Short descriptive text snippets:
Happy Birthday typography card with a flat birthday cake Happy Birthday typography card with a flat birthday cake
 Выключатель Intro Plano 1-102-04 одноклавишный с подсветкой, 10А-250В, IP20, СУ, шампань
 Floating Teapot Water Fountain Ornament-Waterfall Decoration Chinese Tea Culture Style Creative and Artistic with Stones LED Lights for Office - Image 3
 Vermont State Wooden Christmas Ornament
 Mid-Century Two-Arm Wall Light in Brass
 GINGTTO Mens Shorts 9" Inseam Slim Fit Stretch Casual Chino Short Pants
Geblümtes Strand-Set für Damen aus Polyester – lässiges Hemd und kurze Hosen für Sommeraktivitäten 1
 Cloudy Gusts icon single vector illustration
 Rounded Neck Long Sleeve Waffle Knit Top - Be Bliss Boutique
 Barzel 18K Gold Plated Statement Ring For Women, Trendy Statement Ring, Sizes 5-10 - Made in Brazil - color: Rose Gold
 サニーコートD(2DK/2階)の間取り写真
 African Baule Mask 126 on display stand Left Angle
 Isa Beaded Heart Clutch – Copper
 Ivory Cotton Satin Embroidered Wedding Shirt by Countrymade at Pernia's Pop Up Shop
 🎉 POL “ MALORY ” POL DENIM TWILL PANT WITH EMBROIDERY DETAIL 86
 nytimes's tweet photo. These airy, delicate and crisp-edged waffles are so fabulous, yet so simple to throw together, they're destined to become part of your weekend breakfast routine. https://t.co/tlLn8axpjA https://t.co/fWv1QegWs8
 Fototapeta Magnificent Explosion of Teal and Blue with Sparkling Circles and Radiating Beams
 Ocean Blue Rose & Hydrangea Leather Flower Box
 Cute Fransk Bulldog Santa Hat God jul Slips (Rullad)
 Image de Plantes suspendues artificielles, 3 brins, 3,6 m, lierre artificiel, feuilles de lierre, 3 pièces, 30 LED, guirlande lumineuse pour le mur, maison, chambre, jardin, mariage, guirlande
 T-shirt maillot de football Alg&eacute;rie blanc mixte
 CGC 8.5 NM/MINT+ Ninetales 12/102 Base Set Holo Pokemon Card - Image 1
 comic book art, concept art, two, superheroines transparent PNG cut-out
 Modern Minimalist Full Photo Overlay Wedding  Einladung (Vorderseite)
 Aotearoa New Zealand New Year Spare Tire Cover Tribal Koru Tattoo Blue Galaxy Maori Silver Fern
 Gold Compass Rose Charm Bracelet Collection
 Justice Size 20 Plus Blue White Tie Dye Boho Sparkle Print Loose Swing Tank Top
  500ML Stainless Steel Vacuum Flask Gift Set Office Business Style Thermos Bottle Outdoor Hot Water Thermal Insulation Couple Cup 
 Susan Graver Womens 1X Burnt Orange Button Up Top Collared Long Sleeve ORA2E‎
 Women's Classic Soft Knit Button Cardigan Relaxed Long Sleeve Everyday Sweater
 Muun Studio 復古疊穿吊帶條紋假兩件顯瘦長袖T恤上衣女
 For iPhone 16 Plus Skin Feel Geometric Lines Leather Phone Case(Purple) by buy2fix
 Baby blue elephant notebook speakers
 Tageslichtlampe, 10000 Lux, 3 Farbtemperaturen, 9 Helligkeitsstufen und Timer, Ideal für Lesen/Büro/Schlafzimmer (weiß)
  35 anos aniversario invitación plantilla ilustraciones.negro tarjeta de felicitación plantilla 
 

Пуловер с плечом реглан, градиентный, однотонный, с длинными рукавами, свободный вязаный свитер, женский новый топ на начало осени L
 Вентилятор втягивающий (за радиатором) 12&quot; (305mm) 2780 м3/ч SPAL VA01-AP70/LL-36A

*Brief*
Although the records may continue, retype only the lines from the first one through the one containing "Cloudy Gusts icon single vector illustration", exactly as they appear.

*Output for this task*
Happy Birthday typography card with a flat birthday cake Happy Birthday typography card with a flat birthday cake
 Выключатель Intro Plano 1-102-04 одноклавишный с подсветкой, 10А-250В, IP20, СУ, шампань
 Floating Teapot Water Fountain Ornament-Waterfall Decoration Chinese Tea Culture Style Creative and Artistic with Stones LED Lights for Office - Image 3
 Vermont State Wooden Christmas Ornament
 Mid-Century Two-Arm Wall Light in Brass
 GINGTTO Mens Shorts 9" Inseam Slim Fit Stretch Casual Chino Short Pants
Geblümtes Strand-Set für Damen aus Polyester – lässiges Hemd und kurze Hosen für Sommeraktivitäten 1
 Cloudy Gusts icon single vector illustration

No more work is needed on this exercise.